# Task item
Leave the pictures in the listing below aside and reproduce exactly the lines starting with the one with "Today I want" and going on through the one with "Hello. Today we're", both ends included.

# Records for the exercise
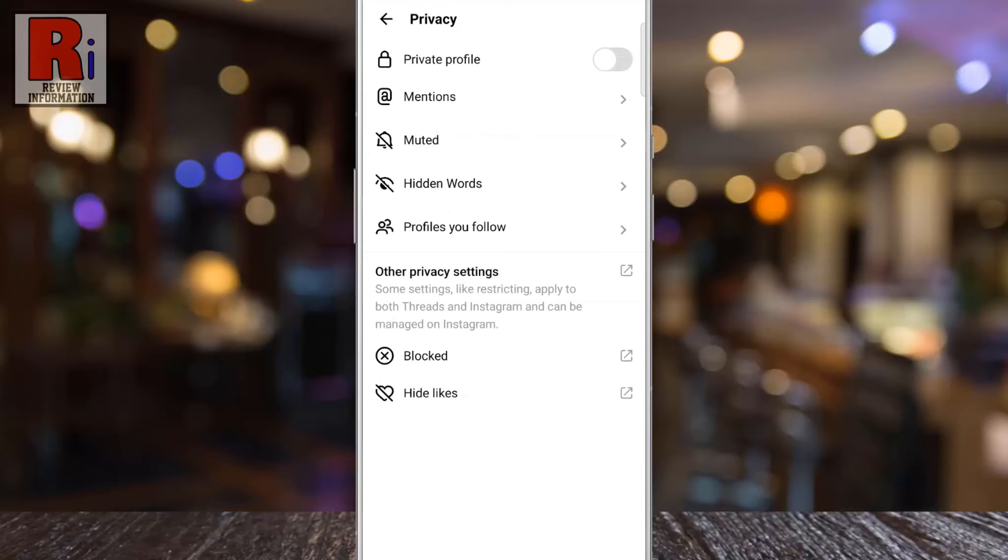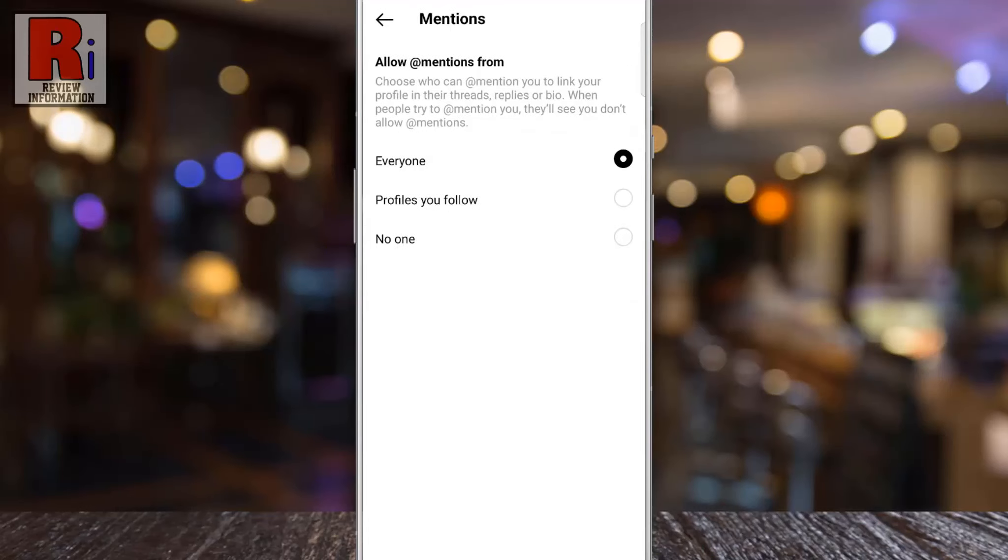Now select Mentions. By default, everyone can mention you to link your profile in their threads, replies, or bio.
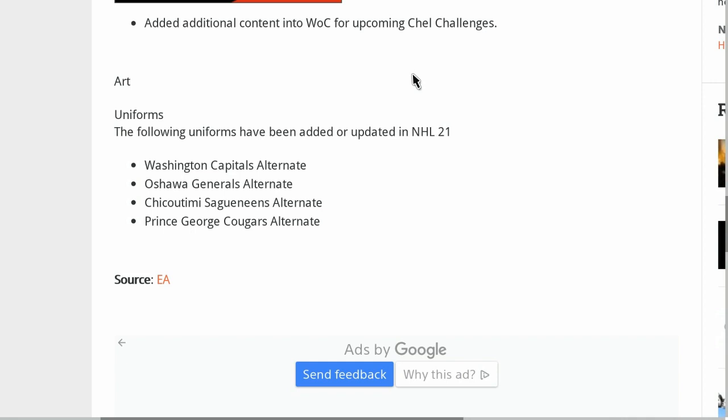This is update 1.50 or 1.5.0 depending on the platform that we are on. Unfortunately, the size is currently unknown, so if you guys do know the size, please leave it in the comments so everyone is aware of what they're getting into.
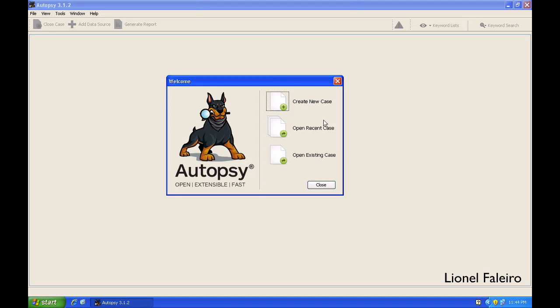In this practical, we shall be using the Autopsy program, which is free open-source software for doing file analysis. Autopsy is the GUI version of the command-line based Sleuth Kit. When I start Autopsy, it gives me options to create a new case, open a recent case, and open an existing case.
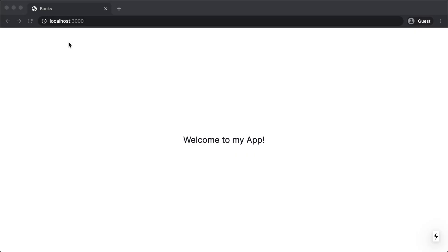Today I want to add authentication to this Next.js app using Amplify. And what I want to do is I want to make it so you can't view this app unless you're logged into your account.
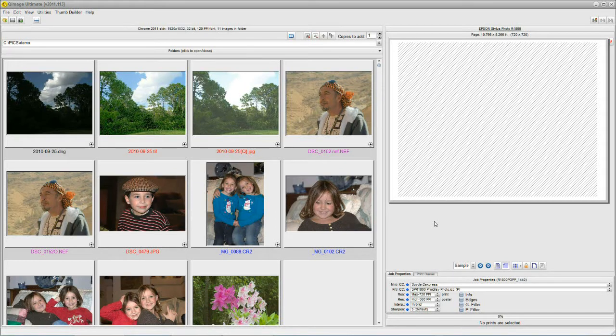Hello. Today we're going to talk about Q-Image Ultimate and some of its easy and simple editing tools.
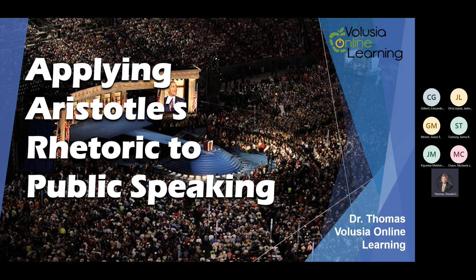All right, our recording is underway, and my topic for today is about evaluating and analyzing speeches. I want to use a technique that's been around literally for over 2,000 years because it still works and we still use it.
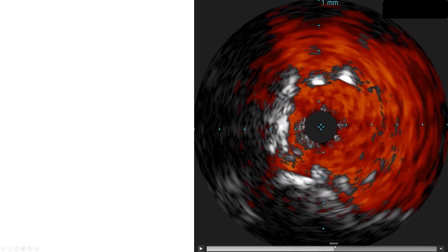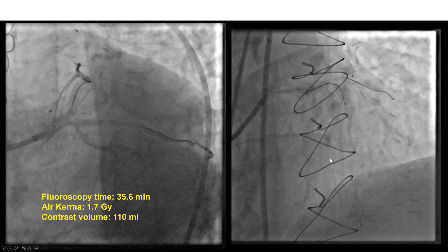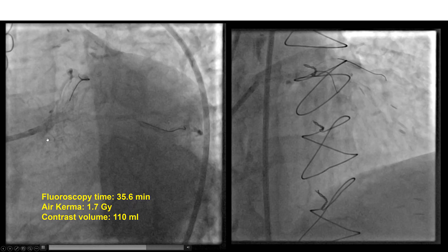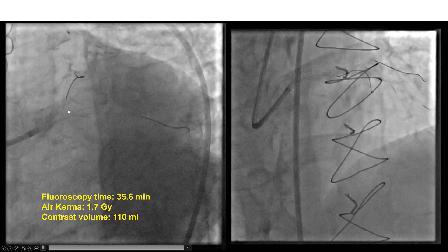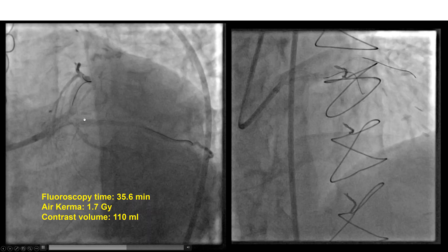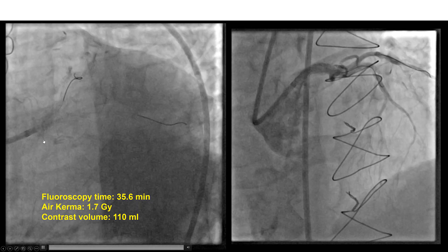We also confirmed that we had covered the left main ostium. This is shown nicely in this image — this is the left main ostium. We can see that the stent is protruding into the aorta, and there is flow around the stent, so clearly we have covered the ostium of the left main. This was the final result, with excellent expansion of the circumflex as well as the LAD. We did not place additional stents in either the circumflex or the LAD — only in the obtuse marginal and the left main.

* * *

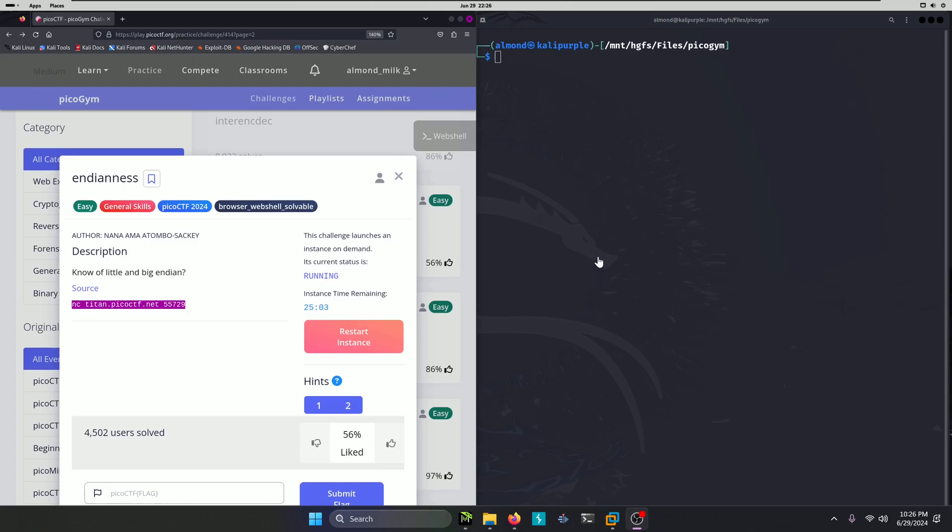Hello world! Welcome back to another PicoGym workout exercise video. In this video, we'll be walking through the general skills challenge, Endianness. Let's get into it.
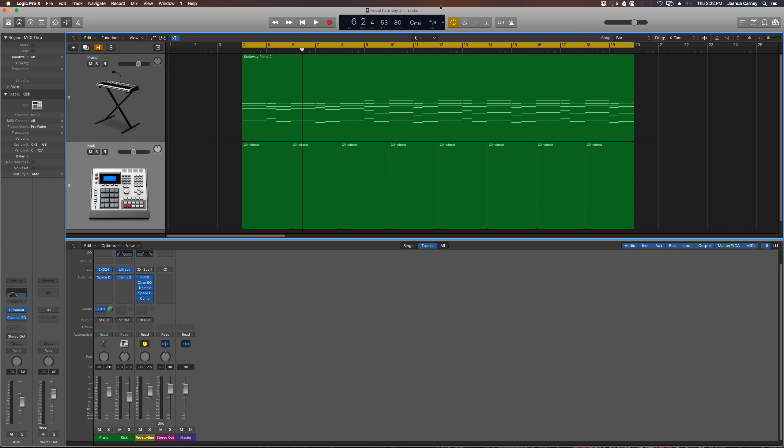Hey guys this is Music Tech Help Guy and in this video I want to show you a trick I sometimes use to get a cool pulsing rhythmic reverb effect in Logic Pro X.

...

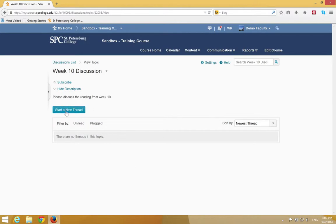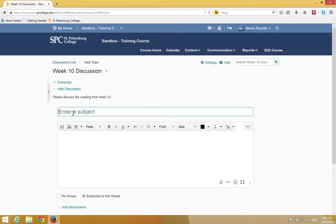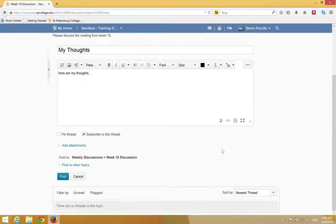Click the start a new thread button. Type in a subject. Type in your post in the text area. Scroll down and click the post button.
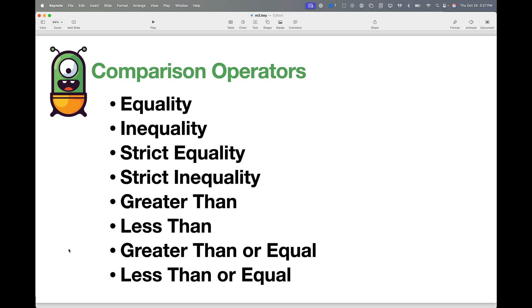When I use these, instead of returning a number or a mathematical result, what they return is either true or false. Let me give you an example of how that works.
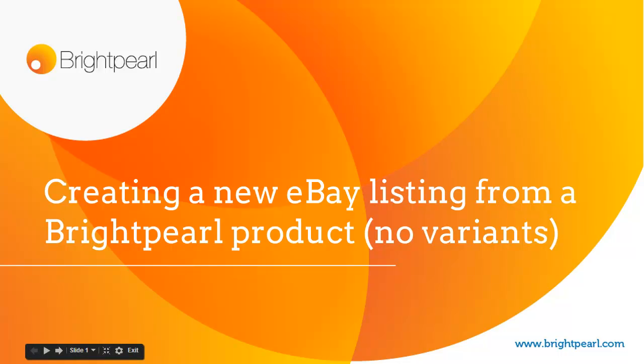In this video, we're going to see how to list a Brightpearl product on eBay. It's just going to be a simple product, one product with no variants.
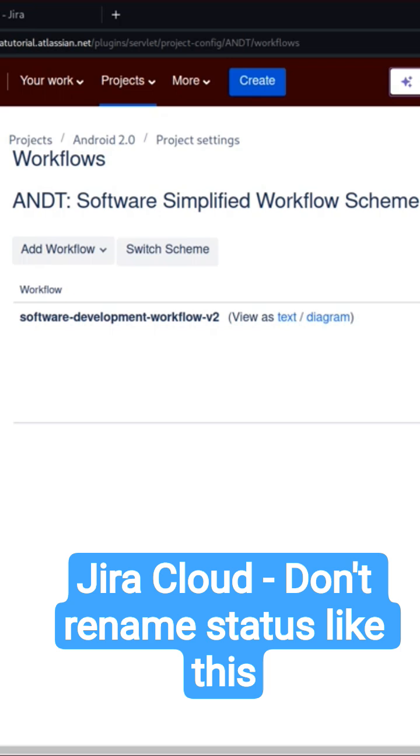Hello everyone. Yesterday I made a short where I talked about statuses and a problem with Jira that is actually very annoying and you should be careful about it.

# Result for this exercise
Today I want to add authentication to this Next.js app using Amplify. And what I want to do is I want to make it so you can't view this app unless you're logged into your account.
Hello. Today we're going to talk about Q-Image Ultimate and some of its easy and simple editing tools.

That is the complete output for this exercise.